Our October 1st article already explained the Elliott Wave logic behind the bearish idea. We thought a w)-x)-y) corrective combination was going to form once wave y) completed the pattern near $1460. On the other hand, once a correction is over the larger trend resumes.
Gold Absorbs the News and Follows the Pattern
Gold ‘s daily and 4-hour charts, also included in our premium analyses, revealed that the yellow metal was in an uptrend prior to entering the above-shown correction. So, it made sense for this uptrend to resume as soon as wave y) ended. According to this count, a bullish reversal near $1460 had to be expected.
Wave y) ended at $1459 on October 1st. On October 3rd, gold exceeded $1519 for a 4.1% surge in just two trading days.
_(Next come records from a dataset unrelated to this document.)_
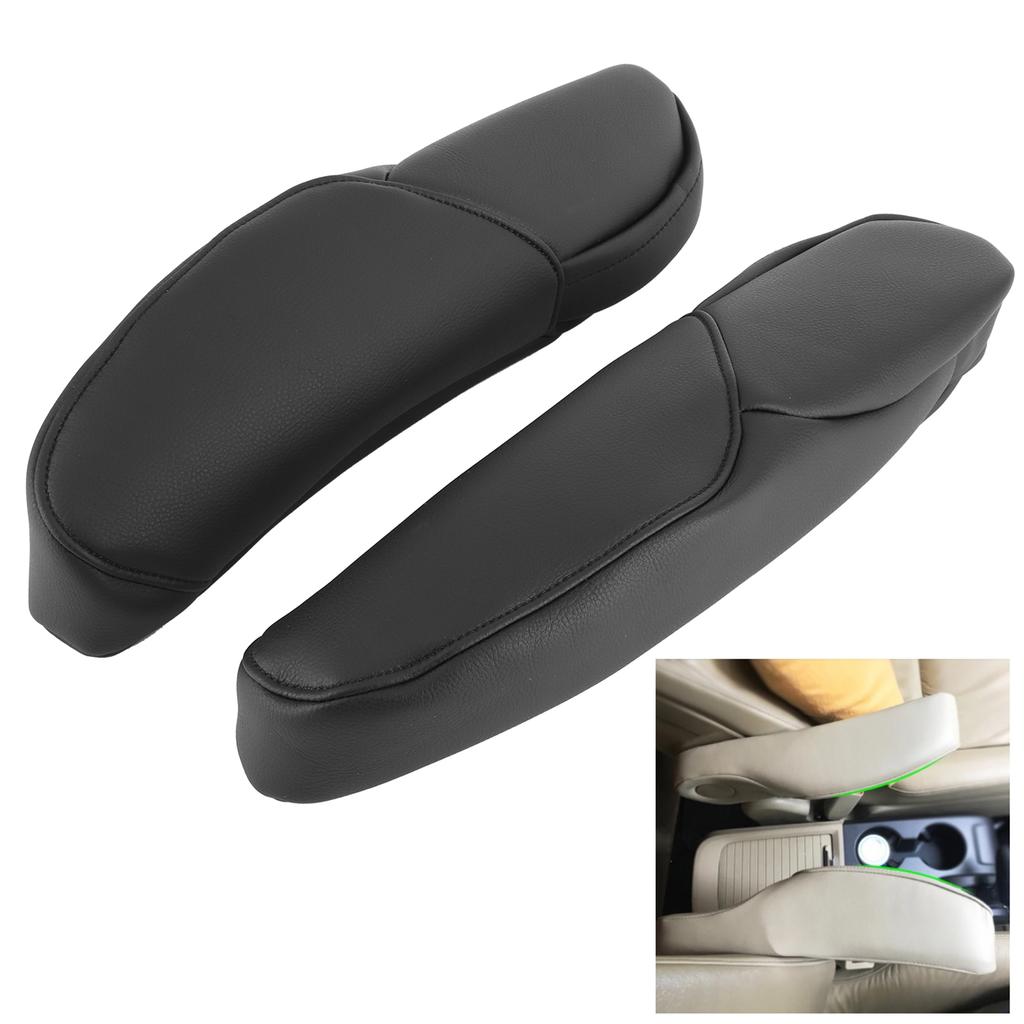 Car Seat Armrest Handle Cover Decor Trim Microfiber Leather Fit for Honda CRV 2010-2017Black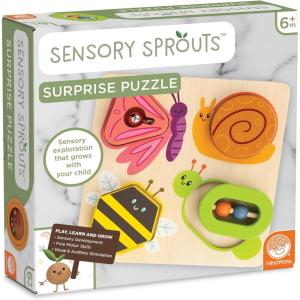 MindWare Sensory Sprouts Surprise Puzzle – Wooden Baby Puzzle with Mirror, Bells & Beads – Educational Toy for Infants & Toddlers 6+ Months Montessori Baby Toy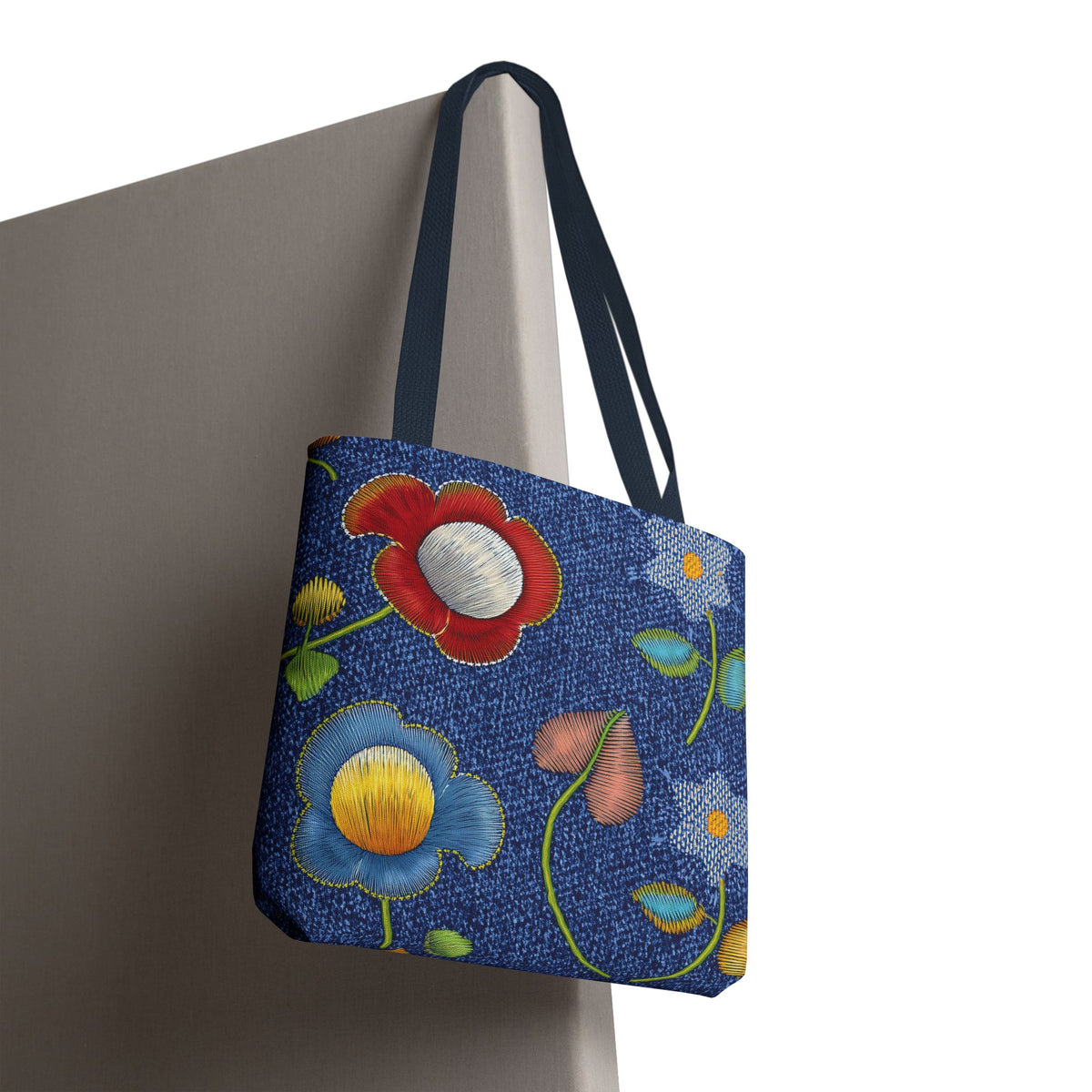 Denim Fabric Imitation Print Unisex Canvas Bag Poly Spun 3 Sizes Tote Bag 159-11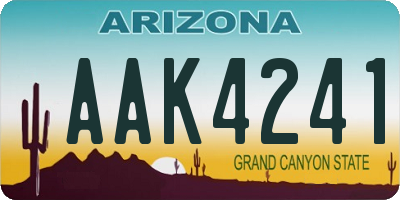 AZ license plate AAK4241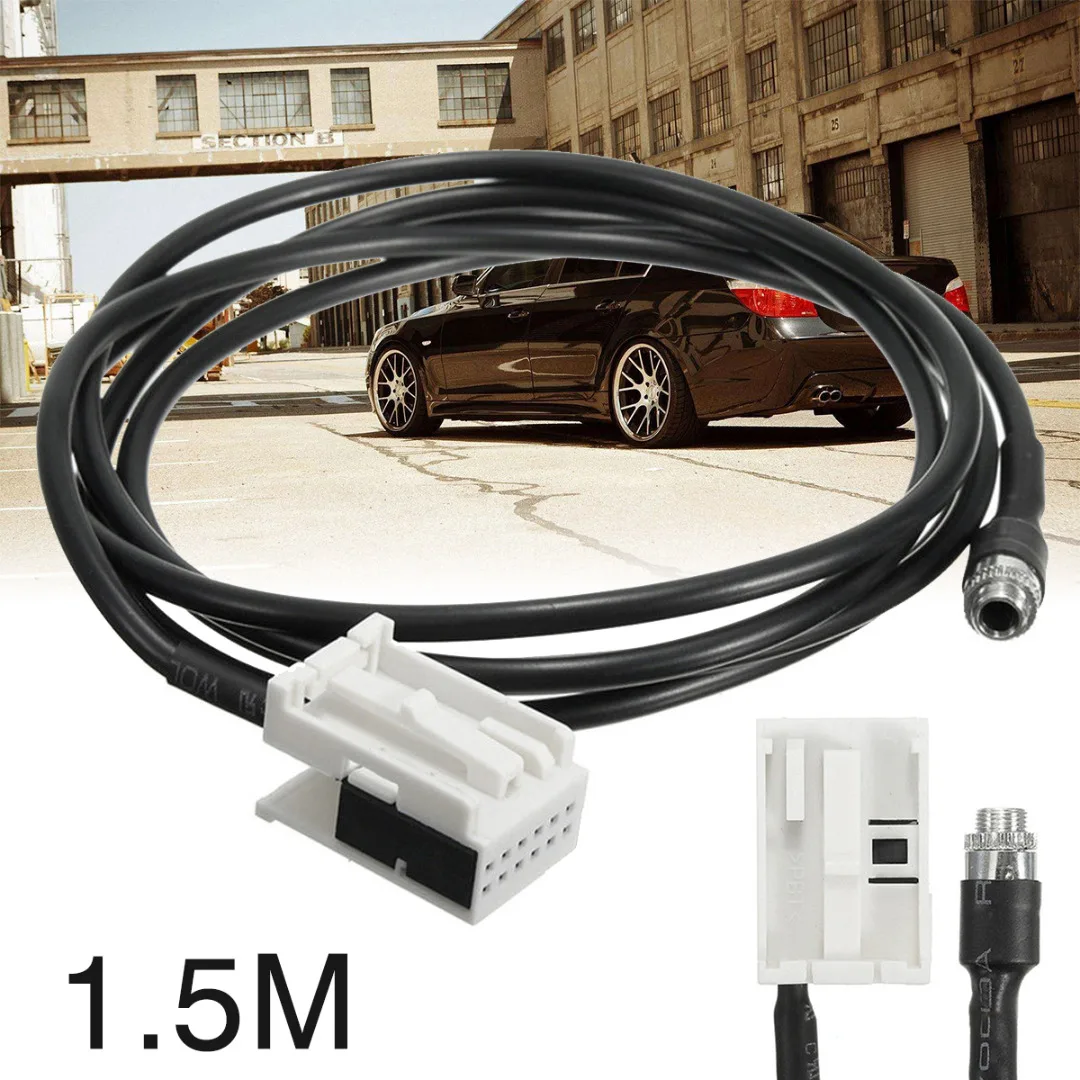 Car 12Pin Female AUX Audio Input Adapter Cable For BMW E60 E61 E63 E64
The U-turn the support near $1460 caused was very sharp and fast. Fortunately, with the help of proper Elliott Wave analysis it was also quite predictable.
Furthermore, traders didn’t need to pay any attention to all the Brexit-, trade war– and Middle East-related news the media keeps bombarding us with every single minute. A chart and an eye for Elliott Wave patterns proved to be enough to stay ahead of gold ‘s recovery.